What About Abortion in the Case of Rape?

Jonathan Noyes

Recently, I trained a group of young adults on pro-life apologetics. After the presentation, I took questions from the audience. Almost immediately, a young woman in the back raised her hand. She offered one of the most common and difficult challenges to answer. She asked, “What about the woman who is attacked, raped, and, as a result, becomes pregnant?”

The young woman went on to ask, “Should this woman now be forced to carry that baby to term, give birth, and raise him? Wouldn’t that only serve as a reminder of that horrible event, adding to the already unimaginable trauma suffered?”

This is the “in the case of rape” objection, and it’s a valid question to ask. One of the reasons this challenge is hard to answer is that it’s so emotionally charged. However, there is a good answer.

Three Important Acknowledgments

The first step in answering the challenge is to offer three important acknowledgements to settle the emotions and find common ground with the person raising the question.

First, rape is a heinous crime. I can’t imagine the pain and anguish it must cause. I think we can all agree that rape is evil. And to think of the victim of rape becoming pregnant due to the malevolent actions of another is heartbreaking. When we admit this from the get-go, we settle the nerves of the person we’re talking to by finding common ground.

Second, the objection raises a valid point.
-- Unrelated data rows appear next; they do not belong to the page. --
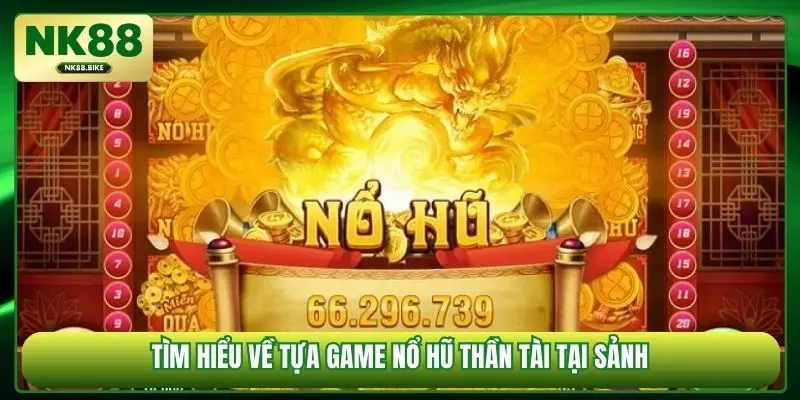 Tìm hiểu về tựa game nổ hũ thần tài tại sảnh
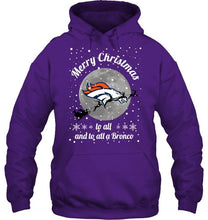 Load image into Gallery viewer, Denver Broncos Merry Christmas to all and to all a Bronco fan shirt
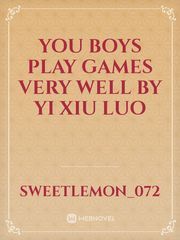 You Boys Play Games Very Well by Yi Xiu Luo Book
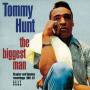 Tommy Hunt - The Biggest Man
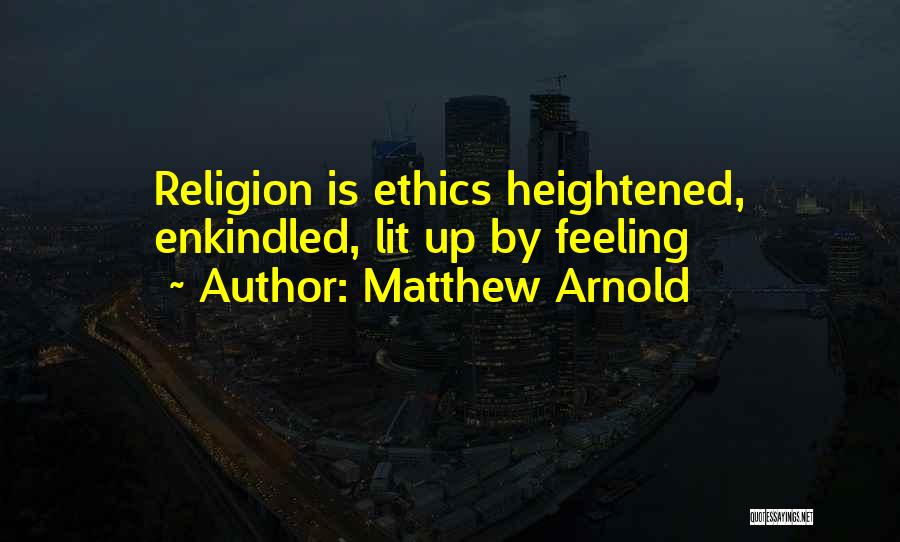 Matthew Arnold Quotes: Religion Is Ethics Heightened, Enkindled, Lit Up By Feeling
By choosing to give birth and raise her baby, the mother may experience painful memories. We are asking her to do a very hard thing. When you mention this, you again find common ground, but you also move towards the objection. This helps lower defensiveness.

Third, the woman is a victim. Unlike other aspects of the abortion debate, the “in the case of rape” scenario involves a situation where the woman has been made pregnant because of an involuntary action. She did not willingly engage in the activity that resulted in her getting pregnant. In this way, pregnancy was forced upon her. She is a victim and deserves our compassion and support.

Leading with these acknowledgments shows you understand this is a very real scenario deserving of a thoughtful and compassionate response. The challenge still needs to be answered, though. Here are four points that will help you do that.

Four Points to Answer the Challenge

First, abortion isn’t compassion. Being the victim of a brutal crime, the mother deserves our compassion. But so does the unborn child. Regardless of how a human life comes into existence, he is still an innocent human being. The means of conception doesn’t justify the taking of that life. The compassionate thing to do would be to help the unborn baby flourish, not kill him. It’s often simply assumed the compassionate thing to do is have an abortion. This is not true, which leads to the next point.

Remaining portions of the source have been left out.